TASK INPUTS –
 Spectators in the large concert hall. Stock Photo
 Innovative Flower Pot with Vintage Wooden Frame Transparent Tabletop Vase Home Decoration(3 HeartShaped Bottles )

==

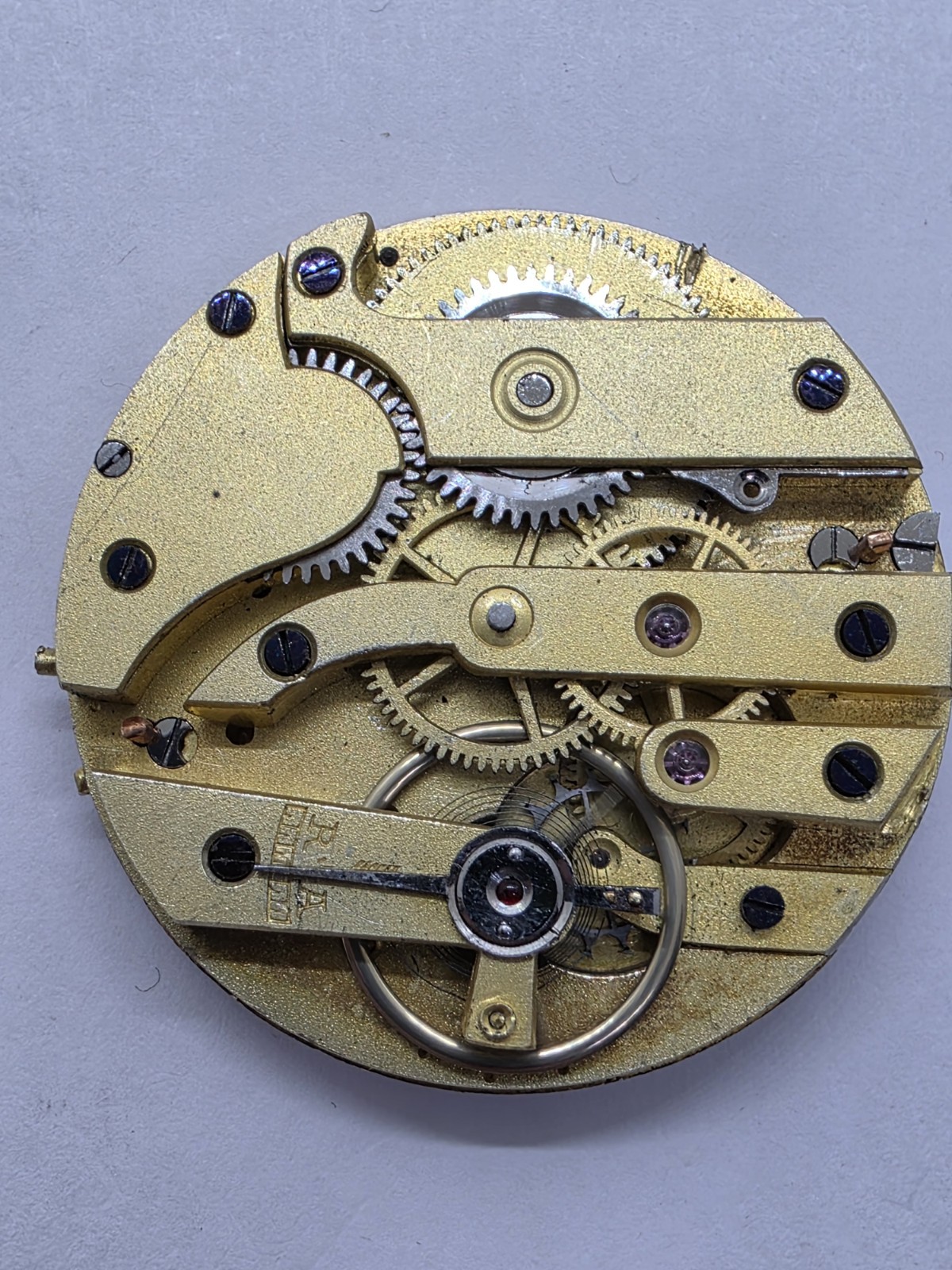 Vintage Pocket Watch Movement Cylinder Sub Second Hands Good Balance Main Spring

ASSIGNMENT –
Copy the lines above exactly. Start with the line containing "Spectators in the", end with the line containing "Innovative Flower Pot", and include both.

RESPONSE TO THIS EXERCISE –
 Spectators in the large concert hall. Stock Photo
 Innovative Flower Pot with Vintage Wooden Frame Transparent Tabletop Vase Home Decoration(3 HeartShaped Bottles )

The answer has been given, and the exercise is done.